Early on in “Very Ralph,” the new HBO documentary about Ralph Lauren, the camera enters the designer’s princely office at his company’s headquarters in New York. Like a modern-day Wunderkammer, the expansive wood-panelled room is packed nearly to bursting with objects big and small, mementos of Lauren’s fifty-plus-year career: an old-timey bicycle seemingly plucked out of an Evelyn Waugh novel; dozens of photos and paintings, some of Lauren himself, rugged in cowboy gear or casually snappy in eighties-era chambray and denim; a wealth of model cars and airplanes; plush teddy bears in miniature but well-tailored tuxedos or padded flight jackets and dark aviator sunglasses; and all manner of worn-in cowboy boots, embroidered Native American leather goods, wide-brimmed Dust Bowl-style hats, and American flags. As the camera pans slowly over the bricolage, we hear Lauren in voice-over: “Everything in this room is a mix of everything that I love,” he says. “They all mean something. And they’re not just things. . . . They’re sort of the beginning of a concept.”

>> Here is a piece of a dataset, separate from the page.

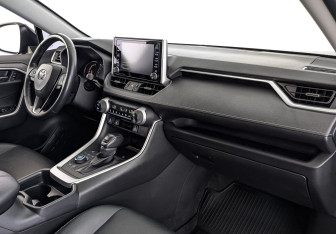 Подержанный автомобиль Toyota RAV4 2022 года (13 фото)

Though Lauren’s space is crowded, the concept that his collected objects evoke is meant to be spare and singular, and it is perhaps best defined by my colleague Judith Thurman, who calls it, in the documentary, “an idealization of the Waspy American dream.” (His polo-player insignia would come to convey the patrician air that the company became known for.) Since establishing his business, in 1968, as a tie designer, and later, over the course of the ensuing decades, as a creator whose purview covers everything from clothing to décor to coffee—achievements that “Very Ralph” portrays in largely hagiographic terms—Lauren has attempted nothing less than the bringing to life, in the form of marketable goods, of his own remarkably consistent and Edenic idea of America. His America is a peculiar kind of melting pot: “military, safari, Western, English riding,” he says, speaking of his perennial influences. Additional Lauren favorites include nineteen-twenties French Riviera expat style, Native American lore, Old Hollywood glamour, and thirties- and forties-era workwear. What this amalgam adds up to might not make the most sense: cowboys and Indians haven’t historically been known for the most seamless union, nor, for that matter, have America’s British colonial forebears and its rebellious, frontier-bound sons. It’s the sort of mix, though, that the powerful—wealthy and hale, tan and sinewy, mostly white—can pull off, blithely ignoring the contradictions between a multitude of cultural signifiers to achieve a viscerally effective identity-slash-brand.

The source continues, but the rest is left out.